10
votes

According to the crypt() documentation, the salt needs to be 22 base 64 digits from the alphabet "./0-9A-Za-z".

This is the code example they give:

crypt('rasmuslerdorf', '$2a$07$usesomesillystringforsalt$');

The first confusing part is that salt has 25 characters, not 22.

Question #1: Does that mean the salt is supposed to be longer than 22 characters?

Then I tested the function myself and noticed something. If I use a 20 character salt, I get this

// using 20 char salt: 00000000001111111111
crypt('rasmuslerdorf', '$2a$07$00000000001111111111$');
// $2a$07$00000000001111111111$.6Th1f3O1SYpWaEUfdz7ieidkQOkGKh2

So, when I used a 20 character salt, the entire salt is in the output. Which is convenient, because I do not have to store the salt in a separate place then. (I want to use random salts). I would be able to read the salt back out of the generated hash.

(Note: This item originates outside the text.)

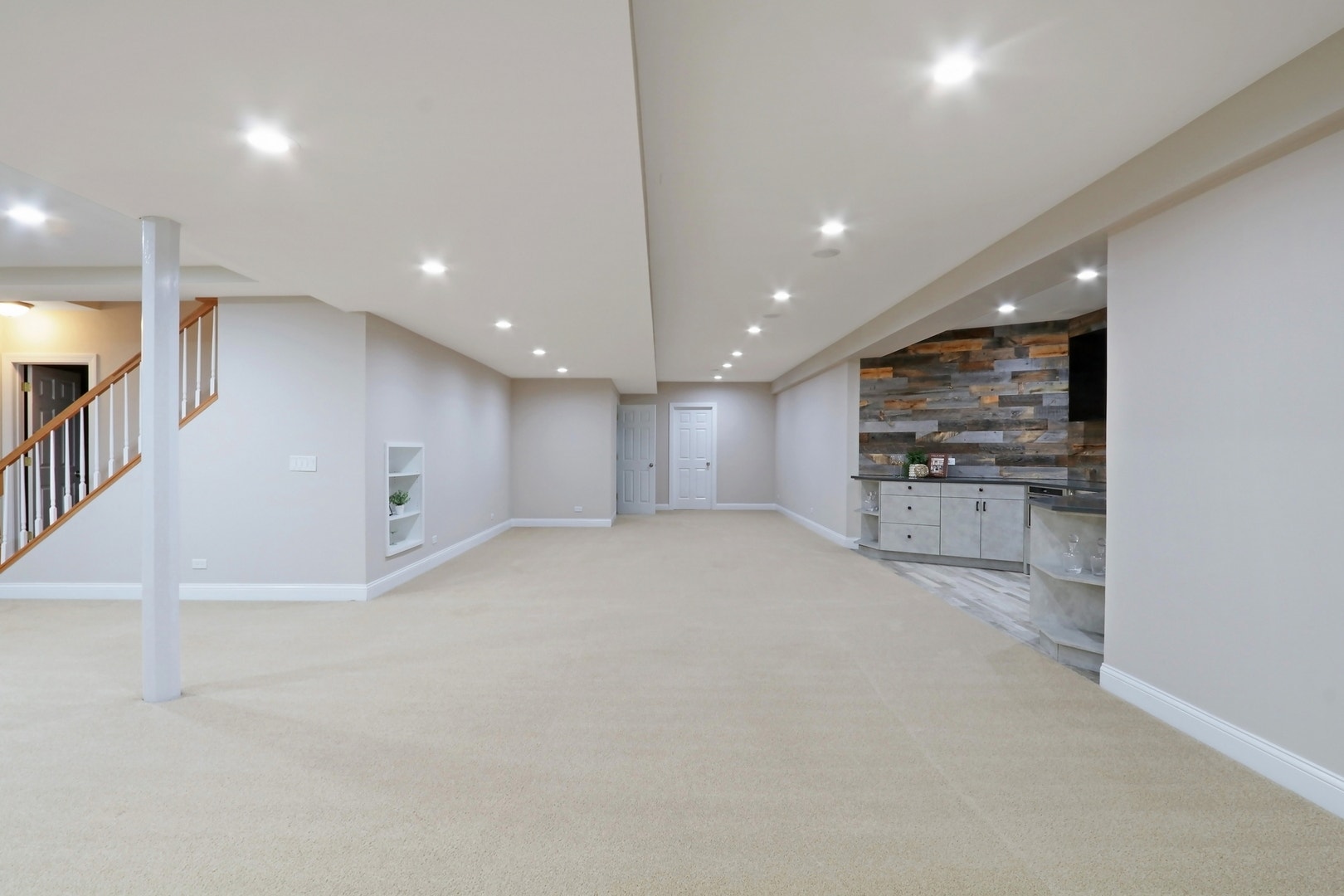 39675 Orchard Bluff Lane, Wadsworth, IL 60083 39675 Orchard Bluff Lane, Wadsworth, IL 60083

However, if I use a 22 character salt as the documentation says, or a longer one, the salt is cut off at the end.

// using 22 char salt: 0000000000111111111122
crypt('rasmuslerdorf', '$2a$07$0000000000111111111122$');
// $2a$07$000000000011111111112uRTfyYkWmPPMWDRM/cUAlulrBkhVGlui
// 22nd character of the salt is gone

// using 25 char salt: 0000000000111111111122222
crypt('rasmuslerdorf', '$2a$07$0000000000111111111122222$');
// $2a$07$000000000011111111112uRTfyYkWmPPMWDRM/cUAlulrBkhVGlui
// Same hash was generated as before, 21 chars of the salt are in the hash

Question #2: So, what exactly is the proper length of a salt? 20? 22? Longer?

Question #3: Also, is it a good idea to read the salt out of the hash when it is time to check passwords? Instead of storing the salt in a separate field and reading it from there. (Which seems redundant since the salt seems to be included in the hash).

1

1 Answers

8
votes

Blowfish salts should be 22 chars long (including the trailing $, so 21) - you can double check with var_dump(CRYPT_SALT_LENGTH), I can't verify this now but my guess is that less chars will return an error and more chars will be truncated.

Regarding your third question: yes, you should read and check the hash using the embedded salt (and cost) parameters from the hash itself.